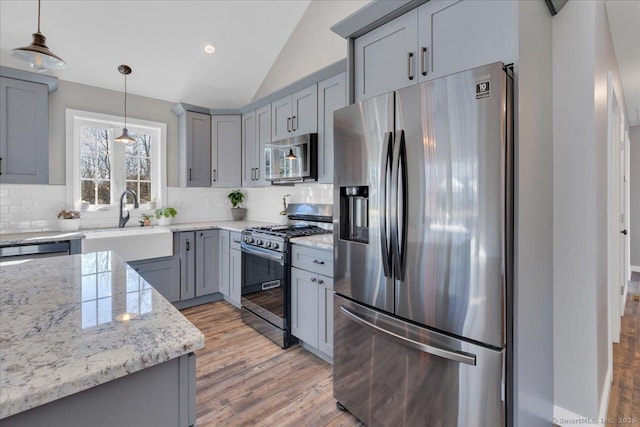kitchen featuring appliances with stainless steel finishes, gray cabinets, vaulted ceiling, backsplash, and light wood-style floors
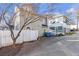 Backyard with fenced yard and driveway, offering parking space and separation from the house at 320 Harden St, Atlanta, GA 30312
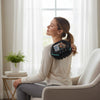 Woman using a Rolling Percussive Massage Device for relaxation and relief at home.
---
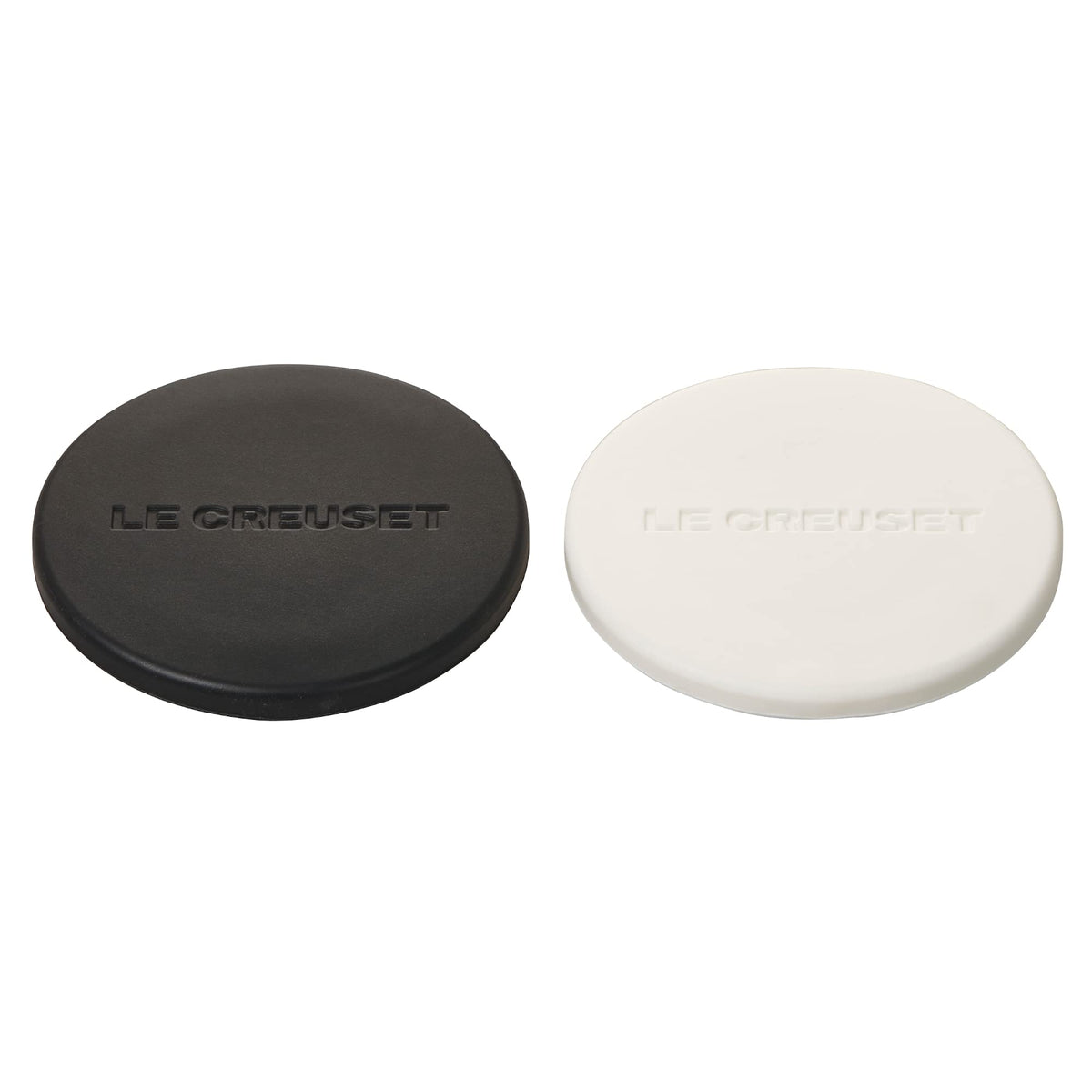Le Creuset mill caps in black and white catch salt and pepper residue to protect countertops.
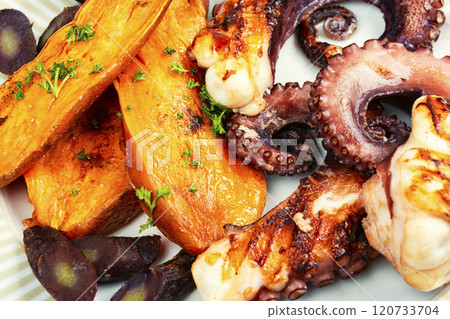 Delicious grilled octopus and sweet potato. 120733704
--
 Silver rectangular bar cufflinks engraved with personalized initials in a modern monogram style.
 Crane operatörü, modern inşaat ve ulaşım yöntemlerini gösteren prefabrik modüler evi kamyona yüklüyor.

■ **EXERCISE REQUIREMENTS**: Respond with one number, namely the count of lines in the entries above that hold the word "modern".

■ **ANSWER FOR THIS EXERCISE**: 2